The pattern "" in the first equation matches the empty string. So this equation is used to implement someStringFunction only when the argument is the empty string. The pattern x:xs in the second equation matches any non-empty string. Such a string can be described as follows: The string starts with some character—this character must exist because the string is not empty—and after this initial character comes the rest of the string, which is itself a string of characters. The pattern x:xs takes the string apart into these two components: x is the first character of the string. xs is the remainder of the string and is, obviously, one character shorter than the string x:xs. Note that when using : in a pattern, we need to enclose the whole pattern in parentheses.

As in any pattern, we can use wildcards. For example, _:_ matches any non-empty string, but we don't care at all about what that string looks like. The pattern says that the string must have a head and a tail, which is the same as saying that the string is non-empty. Of course, we can also use a wildcard for ony one of the two components.

Implement two functions

isEmptyString :: String -> Bool

and

stringLength :: String -> Int

The former should statisfy isEmptyString "" = True and isEmptyString s = False for any other string.

The latter should return the length of the string: stringLength "Hello" = 5, for example.

Note: Since strings are just lists of characters and the standard library already gives us functions null and length to test whether a list is empty or what its length is, you could simply define isEmptyString = null and stringLength = length. Indeed, Haskell programmers simply use null and length for strings without defining string-specific functions. As an exercise though, you should implement isEmptyString and stringLength from scratch.

Solution

isEmptyString :: String -> Bool
isEmptyString "" = True
isEmptyString _  = False

This matches exactly the behaviour I said the function should require. isEmptyString "" = True. isEmptyString _ = False is used for any string that is non-empty because the pattern of the first equation does not match for such strings.

stringLength :: String -> Int
stringLength (_:xs) = 1 + stringLength xs
stringLength _      = 0

Think about how we could define the length of a string:

The empty string has length 0.
The string x:xs composed of a character x and tail xs clearly has one character more than xs. Thus, its length is 1 + stringLength xs.

Our first equation implements the second rule. We could have used the pattern x:xs—that would work just fine—but we don't really care what the first character looks like, only that it is present, so we use the wildcard instead.

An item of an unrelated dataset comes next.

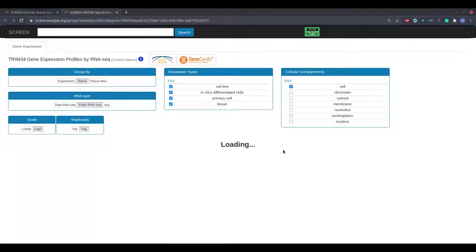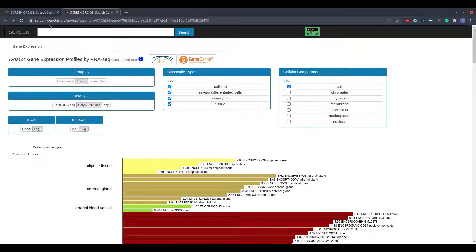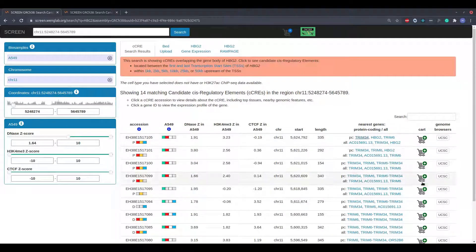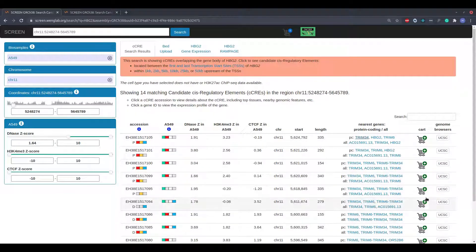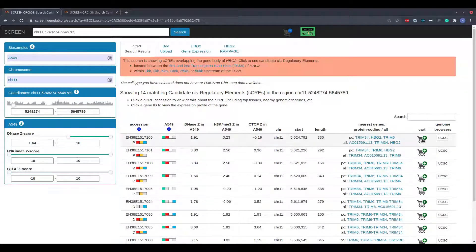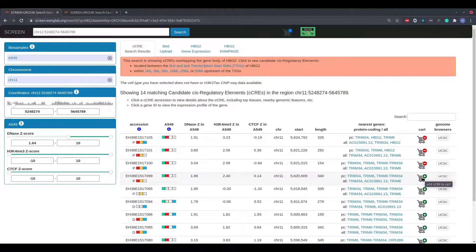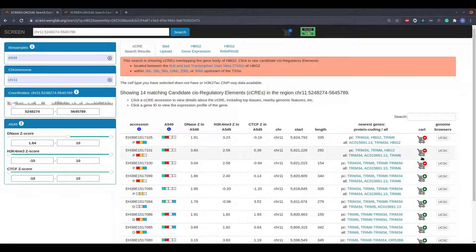The next column is a shopping cart column which allows the user to save candidate regulatory elements of interest across multiple searches. To add an element to the cart, simply click the plus icon in this column. Once an element is selected, it may be removed from the cart by clicking the minus icon.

The second equation applies only if the pattern of the first equation does not match. Thus, we know at this point that the string is empty without inspecting the string. Thus, we get away with using the wildcard as the pattern, and we return 0.

Exercise

Implement a function

countOccurrences :: Char -> String -> Int

countOccurrences x ys should count how often the character x occurs in ys. For example, countOccurrences 's' "Mississippi" = 4 because there are four 's's in "Mississippi".

Solution

countOccurrences :: Char -> String -> Int
countOccurrences x = go
  where
    go (y:ys) | x == y    = 1 + go ys
              | otherwise =     go ys
    go _                  = 0

This says that countOccurrence x is the same as the inner function go. In other words, if we call countOccurrence x ys, this calls go ys. If this makes no sense to you, read the section on multi-argument functions again.

Given a non-empty string y:ys, we have two cases. If x == y, then the total number of occurrences of x in y:ys is clearly one more than the number of occurrences of x in ys. go ys counts the latter recursively, and then we add 1 to the result. If x /= y, the otherwise branch, then all occurrences of x in y:ys must be in ys. Thus, we call go ys recursively to count these occurrences.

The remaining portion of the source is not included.